The theologian Sarah Coakley believes that there is in all of us a streak of longing for a direct experience of God, an experience which goes beyond the formality of words. Ecstatic speech is a kind of babbling, it makes no rational sense. Yet the fact that it goes beyond words suggests to her that it is akin to what Christians of other traditions would call contemplation, that wordless prayer in which we are simply present to God and God to us. This is something you may know through nature, through music, through sitting still with scripture, or a phrase of prayer repeated again and again.

I suspect one reason why Pentecostal enthusiasm breaks out from time to time is that we ordinary Christians have simply neglected to be present to God through regular quiet contemplation, we have neglected our call to be sons and daughters of God, praying ‘Abba, Father’ as Jesus did.
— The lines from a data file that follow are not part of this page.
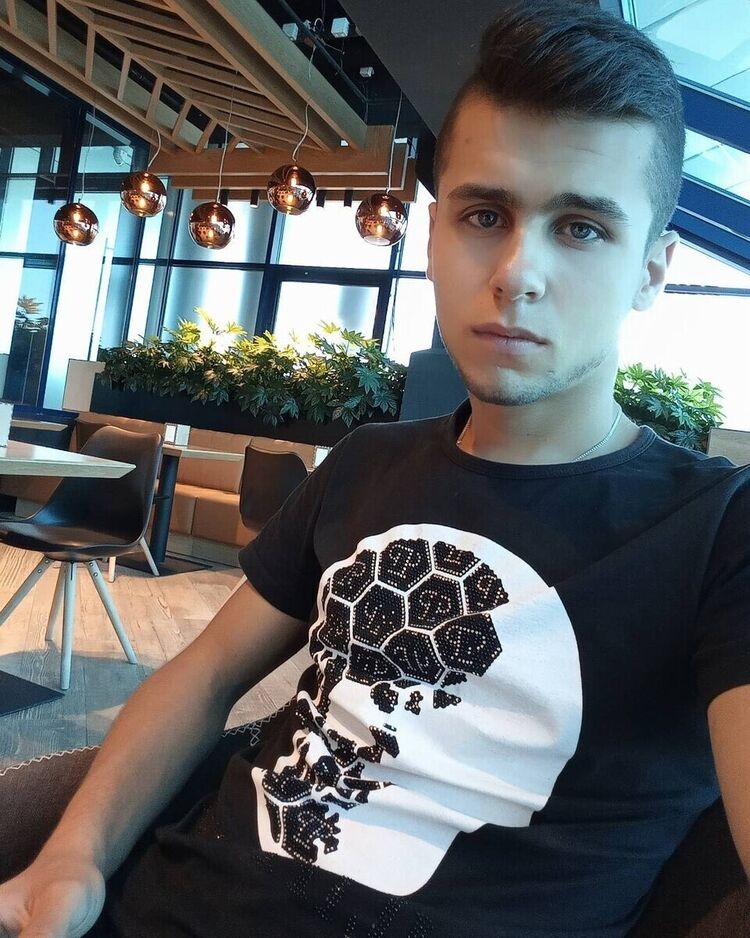  ,   Ion, 24 ,   ,   , c , 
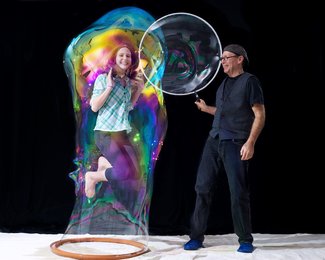 the amazing bubble man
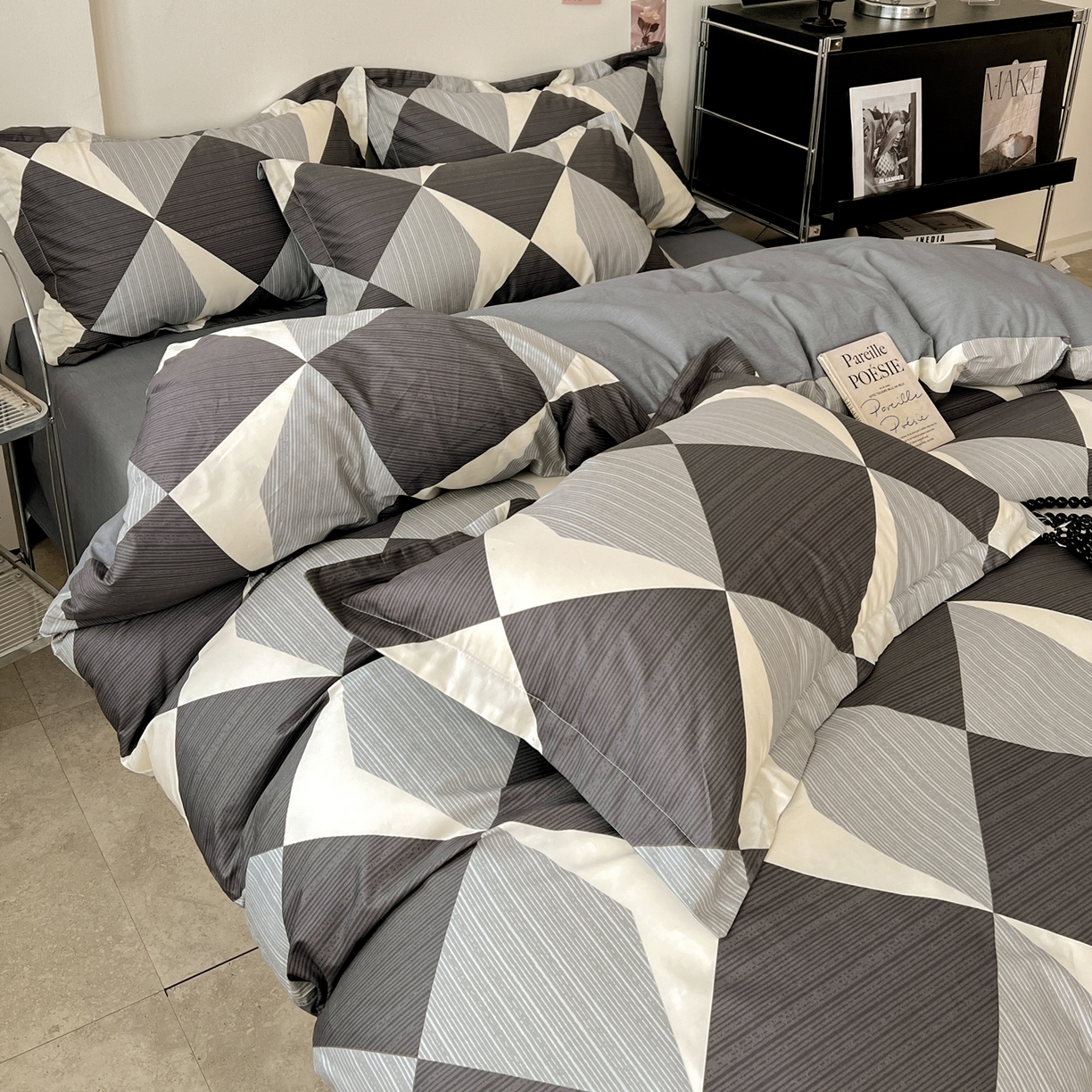 91家纺网 家纺一手货源 找家纺 盛馨家纺 2026新款全棉高支高密精梳棉北欧绅士风四件套纯棉床笠学生三件套 罗拉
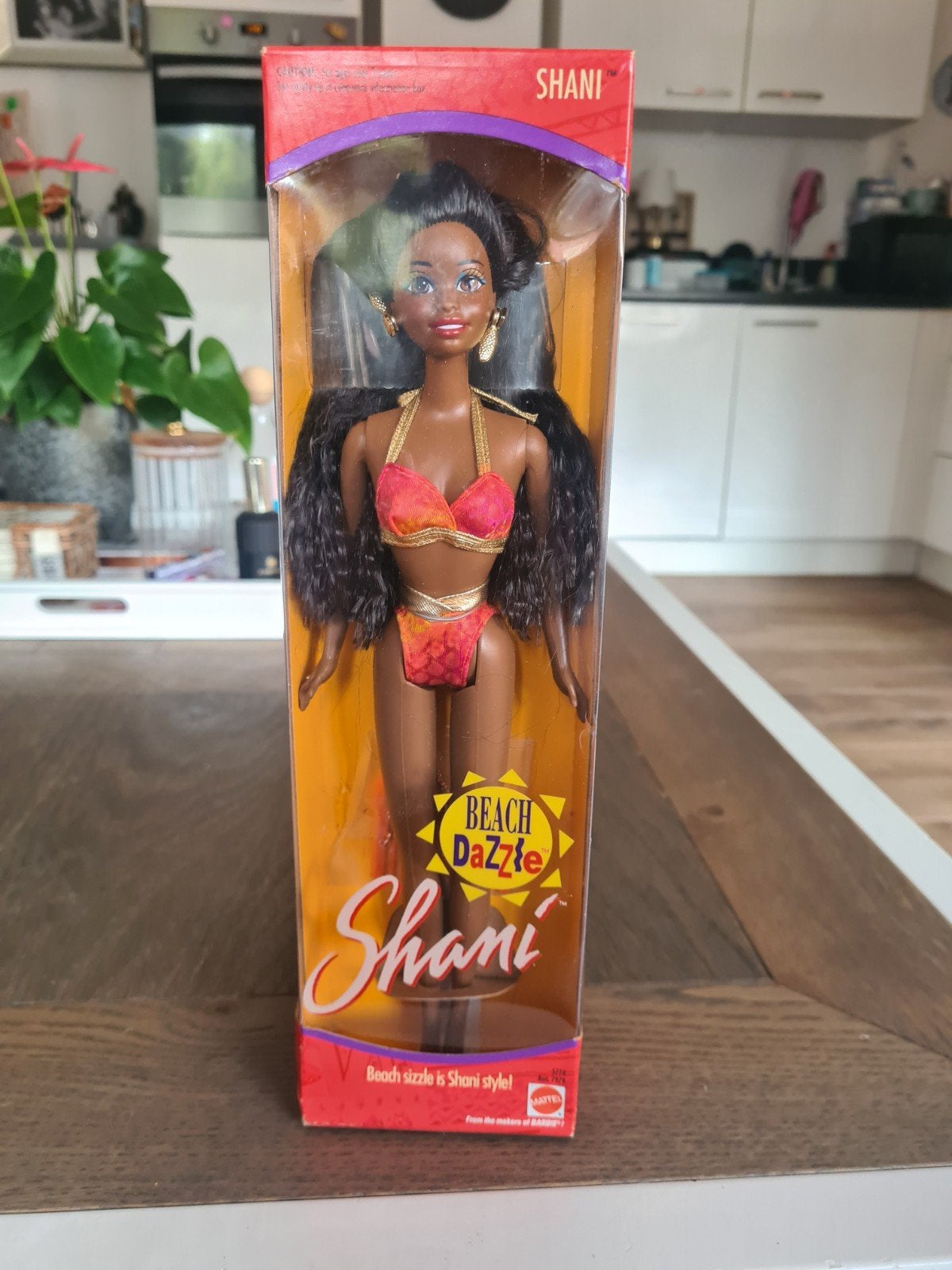 Vintage Barbie Shani Beach Dazzle pop in doos, Ophalen of Verzenden, Nieuw, Barbie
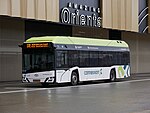 Connexxion 2132 als lijn 172 op het busstation Zuidplein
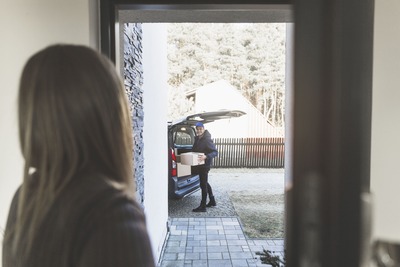 Door-to-door solicitation, high-pressure closing techniques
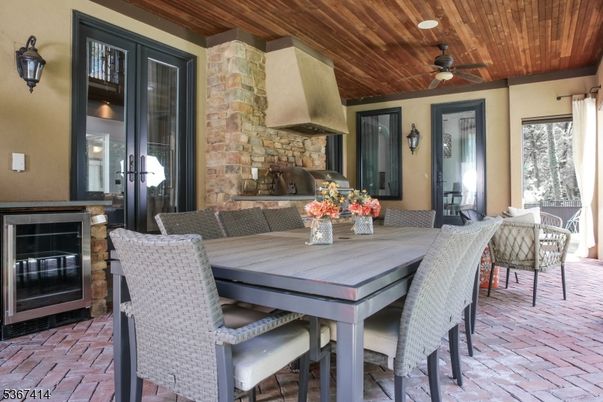Exterior, Fireplace
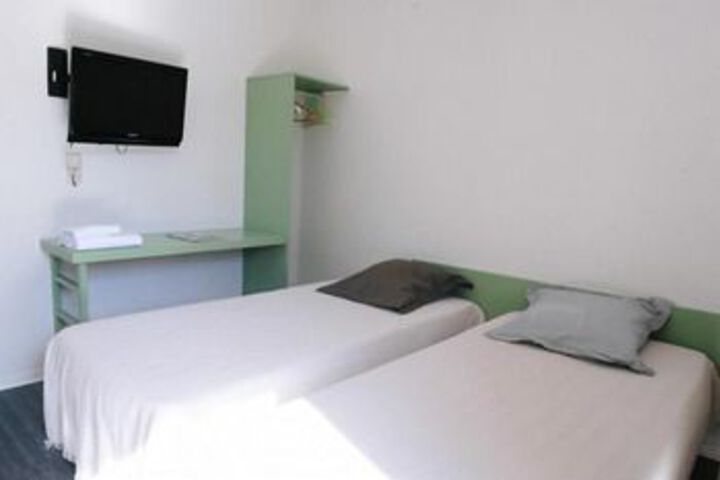 Room 4 of 9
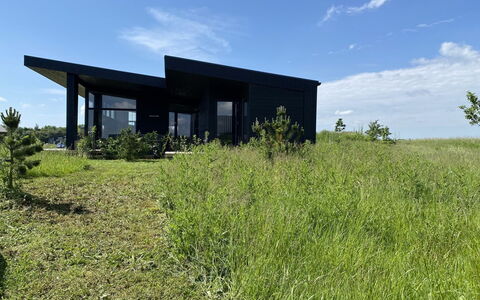 Anelle - 500M from the Sea: Verblijf, Huis, Huis, Dak, Veranda, Landgoed, Siding, Garden Gebouwen, Boerderij, Werf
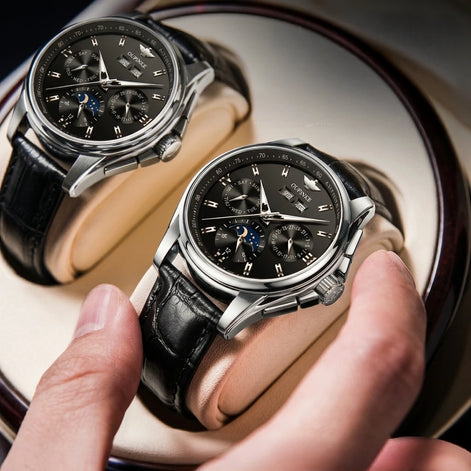 Relógio masculino automático em vitrine — Terno Lux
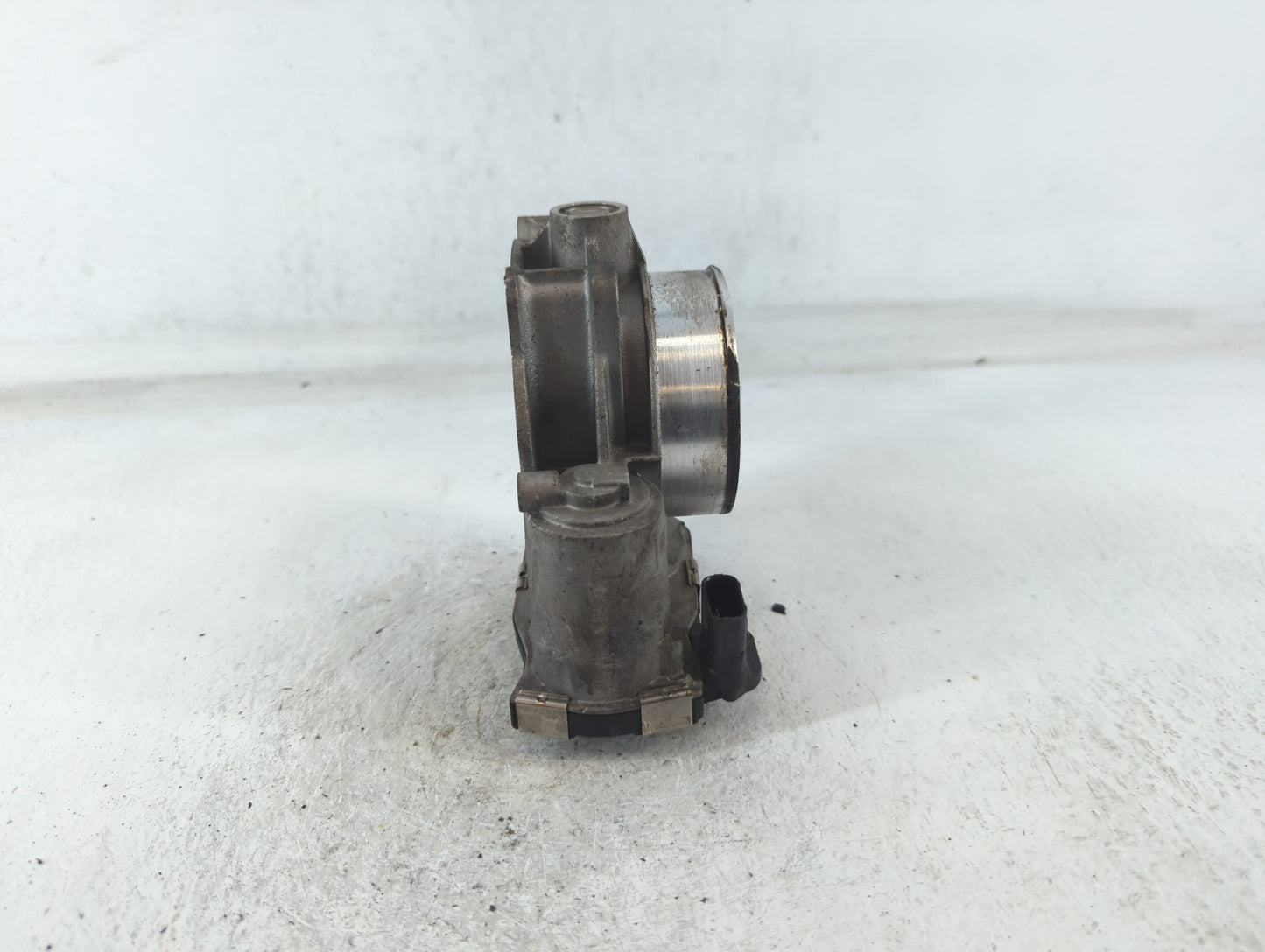 2012-2015 Chevrolet Camaro Throttle Body P/N:12632172BA Fits Fits 2012 2013 2014 2015 2016 2017 2018 2019 2020 2021 2022 OEM Used Auto Parts - Oemusedautoparts1.com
And you don’t necessarily need a special personal Pentecost to do that, though for some this may provide a breakthrough.

What you need is a sense of expectation, trust and patience, to bet your lives on the transparency of all things to God who is in all and through all and beyond all, a hope in Jesus Christ, God come to dwell among us who died and rose and lives for ever, a willingness for God to lift us into his presence, to become real for us, not only here in Church but in the day to day texture of our lives.

It’s all there in our Evensong texts: My soul magnifies the Lord, my spirit hath rejoiced in God my Saviour. Let us beseech him to grant us true repentance and his Holy Spirit. I believe in the Holy Ghost…..Our Father, which art in heaven, hallowed be thy name. Make thy chosen people joyful. Take not thy Holy Spirit from us. The grace of our Lord Jesus Christ and the love of God and the fellowship of the Holy Spirit. The fire is all there contained in the texts we use, waiting to break out in our lives.